I married the best guy ever - thirty years ago today.
My heart is ... full, thinking about this last year.
Days and nights so difficult - watching Terry do the near-impossible - like sleep and eat. And the inescapable - suffering. So much that even now I can't think about the hardest days and nights in August and September without wincing.
In three days Terry will have a PET scan. Positron Emission Tomography. It's when somebody sticks a needle, alive with a radio active tracer, into your vein. Then beams you through a somewhat magical ring which records what the tracer discovers.
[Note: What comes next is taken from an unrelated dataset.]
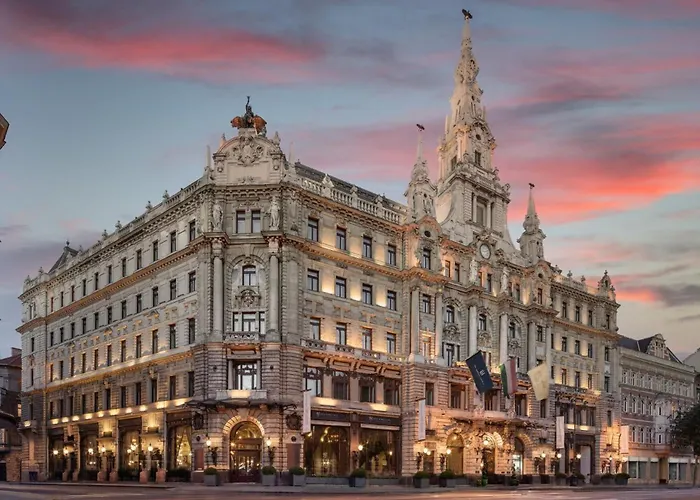 My Little Budapest, Center *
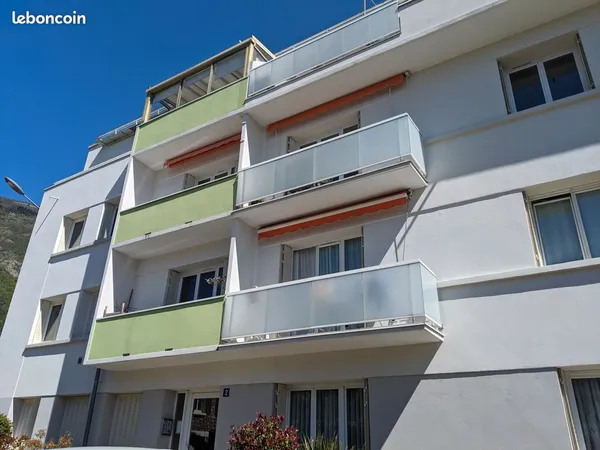 La tronche (38700) appartement t3 a louer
It just takes a few minutes.
The PET is late Friday. Results are read by numerous doctors. Radiologists. Oncologists. ENTs. Surgeons. They pass them around electronically. And then they all have to talk about it. They are busy people. Monday is Christmas Eve.
Last night I dreamed that scene from "Chariots of Fire" when Harold Abrahams stands at the starting line of his 100 meter Olympic race. Ten seconds from history. In the film he is almost overcome by the thought that all his years of mental and athletic preparation will be finished, rewarded by gold, or not, in a mere 10 seconds. His fear is that his sacrifice will be meaningless in loss.
I have heard that starting gun in my head all day.
I have also heard a still, small voice say it isn't so. The last 30 years, while relatively uneventful from the view of an outsider, have taken two people from lives of, well, two people and turned them into something else. And we are no where near finished. Winning gold is not the point, the living the 10 seconds is. The preparation and the sacrifice is. The joy of the race is.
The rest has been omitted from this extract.